# Problem on Walks



## Jeriram (Mar 26, 2012)

Hi, I have two Scotties, littermates and have been trying to get them to go on walks without eating stuff (and getting sick), to move forward rather than sit down and refuse to move, and to not do I am not a small dog, I am a large dog who wants to growl at large dogs. We have taken two obedience classes and practiced, used martingale collars and recently (3 weeks ago) went to using gentle leaders. Although we have better control of their not eating stuff, they refuse to walk forward and often sit down on the walk (perhaps because one sees a squirrel), or the other one just is stubborn. So, should I forget the gentle leader? Go back to the martingale? Do something else?? Help!


----------



## Maxy24 (Mar 5, 2011)

Well they are all very different issues. How old are these dogs? If they are puppies sitting randomly in the middle of a walk is sort of normal, they don't get what a walk is yet, to them it's not different than hanging out in the yard. If they are adults then it's different. One issue could be fear, if a dog is nervous sitting down may be their way to try and get you to take them home. If it happens late in the walk it may simply be exhaustion. It could be because they see something they want and would rather not leave it. My dog has done this when he wants to sniff something and I won't let him or when he sees a rabbit. The best thing to do in that scenario is just showing the dog that it won't work, he still won't get to sniff what he wants or eat the bunny. I walk my dog on a harness and he is also small so I really have no qualms about saying "let's go" and then forcing him to move forward by pulling (not yanking). Since he's not on a collar it doesn't hurt him, and he's not one to flip out or get literally dragged along the ground, so it works for us. I would not do this with a collar or head halter, only a harness. You can also try something like having the dog target your hand for a treat to get him going or try running, I know my dog will usually come with me if I start to run.

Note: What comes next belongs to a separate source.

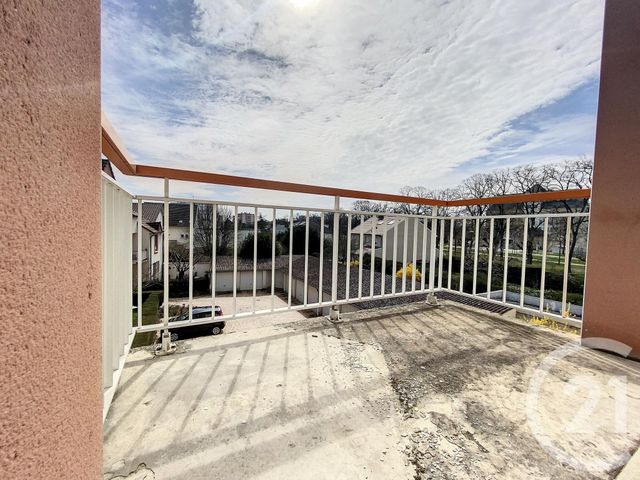 Appartement F4 à louer - 4 pièces - 97.37 m2 - CHALONS EN CHAMPAGNE - 51 - CHAMPAGNE-ARDENNE - Century 21 Martinot Immobilier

You could also try waiting the dog out, but it really depends on why the dog is sitting, if he's watching something sitting and being able to watch would be rewarding.

Eating stuff could be worked with in several ways. One would be what you are doing with the head halter. Teaching a solid leave it command would also be helpful. You may also consider teaching what is called a default leave it. This teaches the dog to never pick food up off of the ground without being given permission. If you teach this it's important you ALWAYS enforce it. This means if you drop something while cooking you can't just let the dog get it. If he goes for it you have to block it. If he doesn't go for it and you still want him to have it you'd have to either use a taught command that means he can get it or pick it up and hand it to him. To teach a default leave it check out this video (and look up "It's yer choice" and/or "doggie zen"): "It's Yer Choice" - YouTube
until you have the training completely done you'd need to make sure it's prevented on walks, use the head halter or just be ultra observant of potential edibles, or even have them wear basket muzzles. If you EVER see them look at something on the ground they would normally take and they choose to pass it by give them a treat, so always carry treats on walks, you want to reward that good behavior! Make sure you practice with other things and in different locations. You'll likely want to practice with garbage and other things that they try to eat on walks. Eventually set up a course of sorts with food and trash that you can walk the dog around so they get used to walking by the stuff on leash and just leaving it. Practice inside, the outside. 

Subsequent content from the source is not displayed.